ACTIVITY
Line by line, print the records exactly, and keep images out of the copy.
*** DATA FOR THE TASK ***
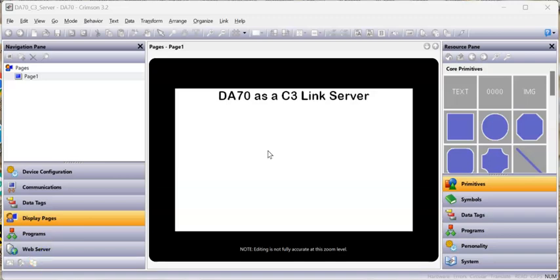Hey there folks, this is Joe Azu. In this video, I'm going to show an updated version of how you can do RedLine communications from one RedLine device to another using what we used to call the OPC UA link, actually an OPC connection. Now it's called C3 Link in Crimson 3.2. Let me show you this example.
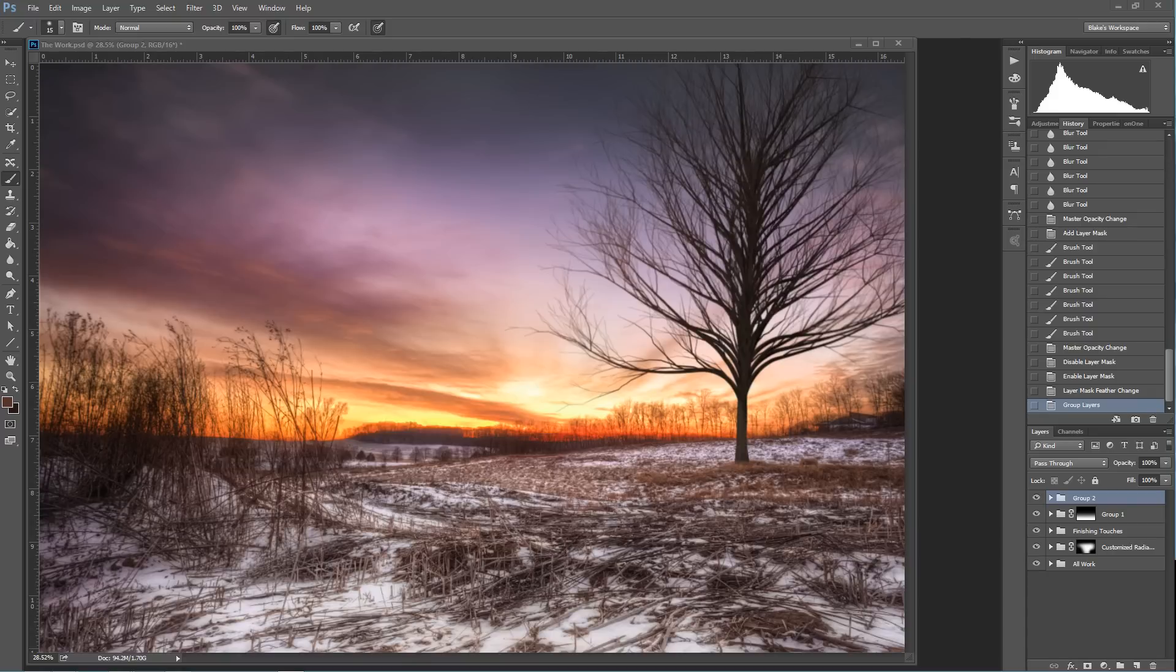Hello, Blake Rudis here with Everyday HDR and HDR Insider, and today I want to talk about rendering a tree.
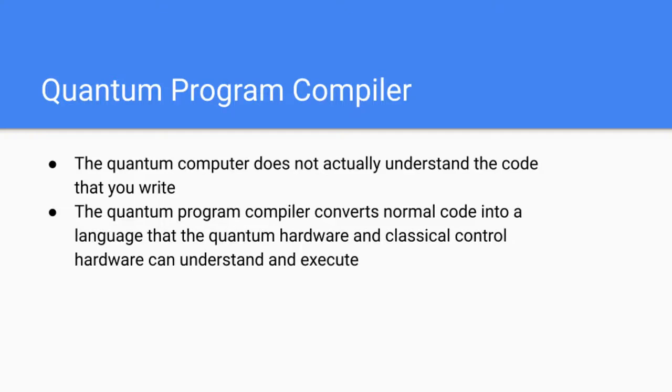After the quantum software, we have the quantum program compiler. The quantum computer that you are coding on or executing your circuits on does not actually understand the code or the block circuits that you create.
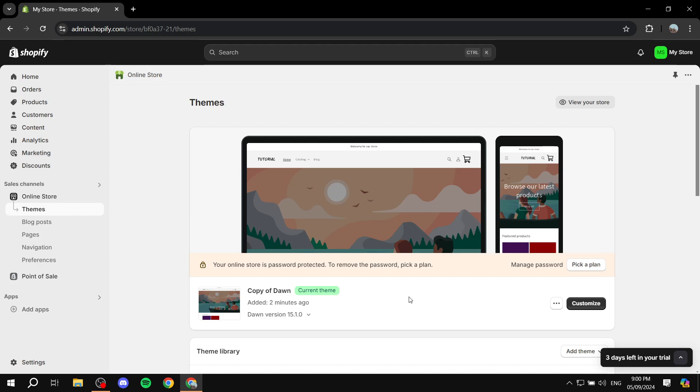We are going to be doing this for the Dawn theme and we are going to be editing a simple code, I'm just going to be adding it in. So this should work for the Dawn theme. Now what I suggest that we do before we even get to it, we just click on the three dots next to the customize.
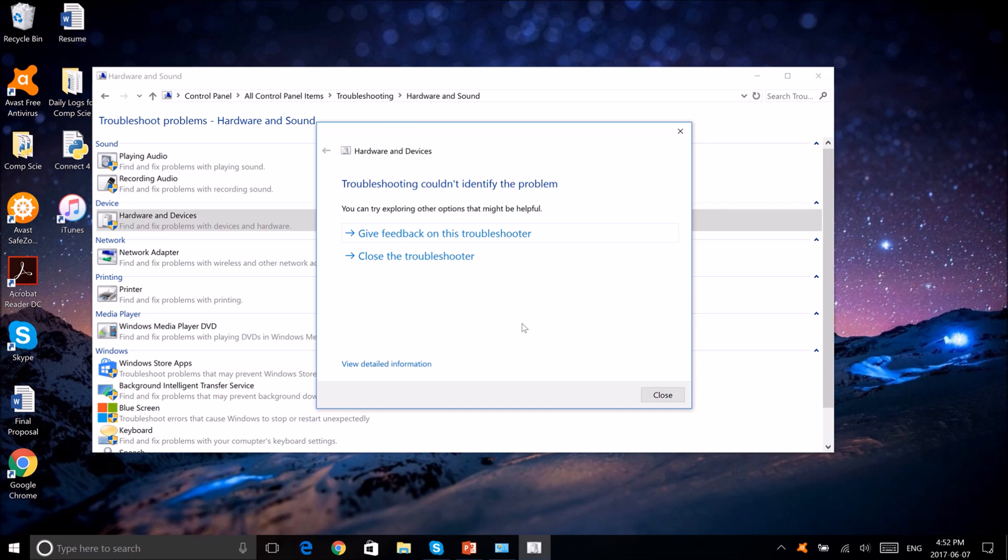I hope this video helps in resolving your touchscreen issues. Bye.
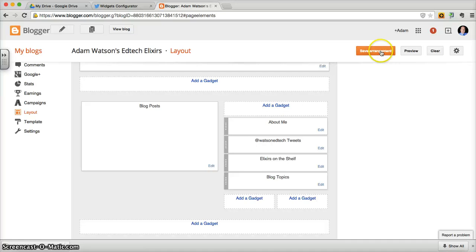Just make sure that before you leave, you're going to click on Save Arrangement so that the gadget you just added is incorporated into your blog.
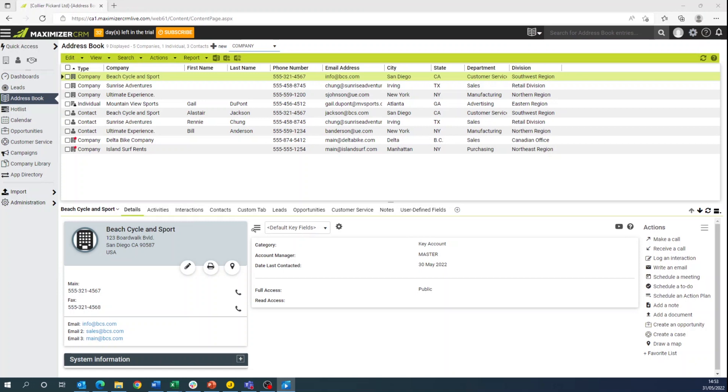Have you ever wanted to report on all of the interactions with your clients? To see who's interacted with each client, what they've done and how it's gone, here's how to do it in Maximizer CRM.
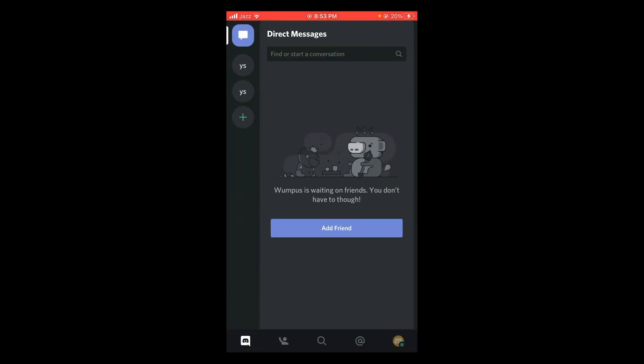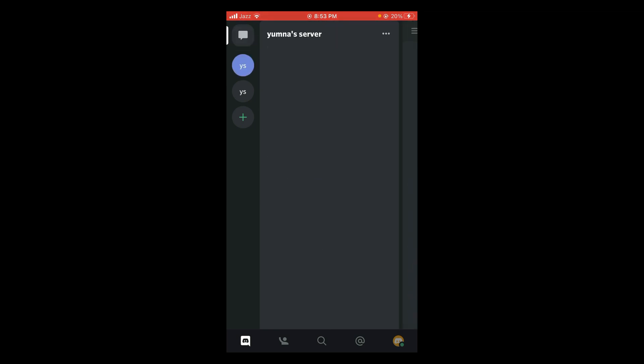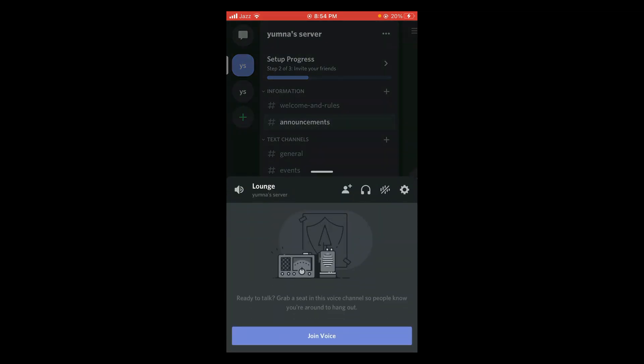After that, open your Discord app. Tap on server and a menu will open. In this menu you will find under the heading of voice channels the very first option is Lounge. Tap on that option. They will ask you to join voice.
*** End of DATA FOR THE TASK ***
ANSWER TO THIS TASK
Hey there folks, this is Joe Azu. In this video, I'm going to show an updated version of how you can do RedLine communications from one RedLine device to another using what we used to call the OPC UA link, actually an OPC connection. Now it's called C3 Link in Crimson 3.2. Let me show you this example.
Hello, Blake Rudis here with Everyday HDR and HDR Insider, and today I want to talk about rendering a tree.
After the quantum software, we have the quantum program compiler. The quantum computer that you are coding on or executing your circuits on does not actually understand the code or the block circuits that you create.
We are going to be doing this for the Dawn theme and we are going to be editing a simple code, I'm just going to be adding it in. So this should work for the Dawn theme. Now what I suggest that we do before we even get to it, we just click on the three dots next to the customize.
I hope this video helps in resolving your touchscreen issues. Bye.
Just make sure that before you leave, you're going to click on Save Arrangement so that the gadget you just added is incorporated into your blog.
Have you ever wanted to report on all of the interactions with your clients? To see who's interacted with each client, what they've done and how it's gone, here's how to do it in Maximizer CRM.
After that, open your Discord app. Tap on server and a menu will open. In this menu you will find under the heading of voice channels the very first option is Lounge. Tap on that option. They will ask you to join voice.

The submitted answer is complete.